Okay. What did we discover? In no particular order, we discovered that
1.) Professors are weird. No surprise there. But it may be that really good professors are strikingly weird. Weird in the sense that they bring themselves into the classroom. Not that they talk endlessly about themselves, but that they are themselves. Not emotionally withdrawn. Not fake. Open. Vulnerable to being called weird. Human beings. Individuals. Students may like this in particular because at a young age, when students are tentatively working on becoming who they are, these professors — aside from teaching them — model a certain comfort in one’s own skin, an achieved identity. This can be quite inspirational.
2.) Good teachers assign a lot of work and expect class participation and general engagement.
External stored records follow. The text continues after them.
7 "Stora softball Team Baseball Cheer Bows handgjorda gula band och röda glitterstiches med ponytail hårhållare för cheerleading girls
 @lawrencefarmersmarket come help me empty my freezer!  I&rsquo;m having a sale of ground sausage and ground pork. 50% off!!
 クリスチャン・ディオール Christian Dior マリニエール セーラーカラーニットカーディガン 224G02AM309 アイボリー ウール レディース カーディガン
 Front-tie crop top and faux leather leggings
But since the teacher has excited the student’s interest in the subject, the student does not seem to resent the work. Indeed, the student may wish to impress the professor with her work, her enthusiasm, because she admires the professor and wishes the professor to admire her.
3.) The professor is not condescending.
4.) The professor has a sense of humor.
5.) The professor is very smart.
6.) The professor somehow manages to anticipate your confusions, your questions. From Shurman’s reviews: “His ability to know exactly what you are thinking and stumbling over is uncanny.”
(Note to online instructors: Don’t try this at home.)
7.) The professor’s enthusiasm for his subject is contagious, sometimes dangerously so. (“He hypnotized me into taking Attic Greek my freshman year, one of the dumbest mistakes of my academic career…”) It also broadens and deepens his lecture content. (“Says fascinating things about the structure and meaning of math in class.”)
8.) Enfin, it’s a pleasure. “His class was a real pleasure.”
Is this a scientific sample? No. Does everyone love these guys? No. Are they teaching under optimal, small-seminar, selective college conditions? Yes.
Still. Don’t we all already know that these are the attributes of really good teachers? Doesn’t this result simply confirm what we know?